SELECT LastName FROM Beatles;

DROP TABLE Beatles;

go

 

LastName

--------------------

Harrison

Lennon

McCartney

Starr

 

The results of this query are in alphabetical order of last name, the column used in the clustered index. Apparently, this is one of the very many cases where the order of the rows is implied by the clustered index, allowing the misconception that this is always the case to spread even further.

 

But an interesting thing happens if I use the exact same table definition to old and query the lineup of that other famous rock group of the 60s:

 

CREATE TABLE Stones

     (LastName varchar(20) NOT NULL PRIMARY KEY CLUSTERED,

      FirstName varchar(20) NOT NULL UNIQUE NONCLUSTERED);

INSERT INTO Stones (LastName, FirstName)

SELECT 'Jagger', 'Mick'

UNION ALL

SELECT 'Jones', 'Brian'

UNION ALL

SELECT 'Richards', 'Keith'

UNION ALL

SELECT 'Watts', 'Charlie'

UNION ALL

SELECT 'Wyman', 'Bill';

SELECT LastName FROM Stones;

DROP TABLE Stones;

go

 

LastName

--------------------

Wyman

Jones

Watts

Richards

Jagger

 

In this case, the names are returned in random order. That makes this a great example to really disprove the notion of a clustered index guaranteeing any output order. (Dare I say that we now finally have solid proof that the Stones are better than the Beatles? Or will that make me subject to loads of flames?)

 

What’s intriguing in this case is the difference in behaviour for the two examples. Apart from the table name, the two code snippets are exactly the same – and even renaming the tables won’t change the results. So here’s the brain teaser that I’ll leave you to ponder over your glass of champagne: what is the reason that the Beatles are, but the Stones are not returned in clustered index order?

 

I’ll post the answer in a few days.

 

 

On a more personal note, I want to apologize for not posting any new stuff during the last two months. I still have some good ideas in my scratchpad, but I need some time to polish them up to blog quality – and time is the one thing I have been lacking for the past two months. The bad news is that I will probably be short on time for the next month as well, but things are looking more sunny after that.

 

And with this being my last post of the year, I’ll also grab this opportunity to wish all readers of sqlblog.com a very great 2007, with lots of love and luck in your personal lifes, and lots of interesting SQL challenges and enticing performance gains at work.
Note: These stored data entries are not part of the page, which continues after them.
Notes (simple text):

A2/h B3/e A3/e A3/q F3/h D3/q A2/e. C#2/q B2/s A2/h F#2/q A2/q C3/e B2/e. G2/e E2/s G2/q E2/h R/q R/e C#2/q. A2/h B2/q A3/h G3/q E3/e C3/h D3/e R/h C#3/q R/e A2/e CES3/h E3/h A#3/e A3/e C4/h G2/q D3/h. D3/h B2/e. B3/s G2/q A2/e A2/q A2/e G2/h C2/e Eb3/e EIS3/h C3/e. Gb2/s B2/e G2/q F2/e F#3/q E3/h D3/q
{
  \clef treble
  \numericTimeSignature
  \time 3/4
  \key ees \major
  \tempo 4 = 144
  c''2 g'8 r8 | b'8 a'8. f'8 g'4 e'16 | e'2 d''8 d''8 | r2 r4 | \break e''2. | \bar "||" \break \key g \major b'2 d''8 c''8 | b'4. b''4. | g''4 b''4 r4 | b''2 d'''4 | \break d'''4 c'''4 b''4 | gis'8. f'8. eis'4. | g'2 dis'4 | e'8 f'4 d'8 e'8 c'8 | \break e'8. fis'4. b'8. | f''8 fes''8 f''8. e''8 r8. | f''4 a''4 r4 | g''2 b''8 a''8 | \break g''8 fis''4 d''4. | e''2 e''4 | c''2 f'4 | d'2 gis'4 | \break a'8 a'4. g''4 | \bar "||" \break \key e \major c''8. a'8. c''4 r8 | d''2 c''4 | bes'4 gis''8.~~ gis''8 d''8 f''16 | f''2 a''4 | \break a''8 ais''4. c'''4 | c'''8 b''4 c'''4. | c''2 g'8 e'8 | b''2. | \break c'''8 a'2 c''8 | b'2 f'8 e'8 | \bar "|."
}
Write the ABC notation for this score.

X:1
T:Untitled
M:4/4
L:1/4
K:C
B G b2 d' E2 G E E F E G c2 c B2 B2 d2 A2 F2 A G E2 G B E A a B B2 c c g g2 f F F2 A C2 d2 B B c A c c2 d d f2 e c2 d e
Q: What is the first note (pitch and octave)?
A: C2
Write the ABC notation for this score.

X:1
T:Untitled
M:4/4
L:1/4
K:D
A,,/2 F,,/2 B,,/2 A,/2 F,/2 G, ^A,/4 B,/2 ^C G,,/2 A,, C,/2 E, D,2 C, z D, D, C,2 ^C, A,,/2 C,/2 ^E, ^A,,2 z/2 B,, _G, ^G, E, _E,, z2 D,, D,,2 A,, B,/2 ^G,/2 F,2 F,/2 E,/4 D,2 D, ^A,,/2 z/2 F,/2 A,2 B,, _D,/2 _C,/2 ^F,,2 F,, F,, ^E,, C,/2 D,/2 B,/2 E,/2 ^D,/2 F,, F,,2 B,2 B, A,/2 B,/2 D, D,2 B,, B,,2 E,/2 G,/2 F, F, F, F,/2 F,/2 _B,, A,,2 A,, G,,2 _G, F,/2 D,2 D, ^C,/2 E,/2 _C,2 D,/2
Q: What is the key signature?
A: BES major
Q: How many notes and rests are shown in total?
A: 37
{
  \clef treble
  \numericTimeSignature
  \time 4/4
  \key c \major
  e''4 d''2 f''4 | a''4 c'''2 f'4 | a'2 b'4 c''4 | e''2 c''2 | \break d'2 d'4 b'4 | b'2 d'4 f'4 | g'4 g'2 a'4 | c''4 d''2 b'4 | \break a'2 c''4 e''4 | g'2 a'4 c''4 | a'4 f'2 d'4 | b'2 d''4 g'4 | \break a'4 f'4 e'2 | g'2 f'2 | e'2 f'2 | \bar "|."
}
Published Sunday, December 31, 2006 1:49 PM by Hugo Kornelis

Comment Notification

If you would like to receive an email when updates are made to this post, please register here

Subscribe to this post's comments using RSS

Comments

 

Adam Machanic said:

Nice one, Hugo -- that is a great example!  Took me a moment to figure out, but it makes perfect sense.  Have a great New Years!

December 31, 2006 10:31 AM
 

Kalen Delaney said:

This is great! I'll admit, I didn't figure it out by just looking at the code. I had to run it, and start doing some of my usual query analysis, but I got it pretty quickly after that. I'd love to use this as an example in my classes, if that's ok with you? It makes me wish I was still a college teacher, and I could actually use this as a pop quiz. ;-)

December 31, 2006 11:18 AM
 

Denis The SQl Menace said:

Oh yes, I remember this thread "insert into tbl1 select * from tbl2order by field1 doesnt work!"

from the microsoft.public.sqlserver.programming newsgroup(http://tinyurl.com/y8umhm)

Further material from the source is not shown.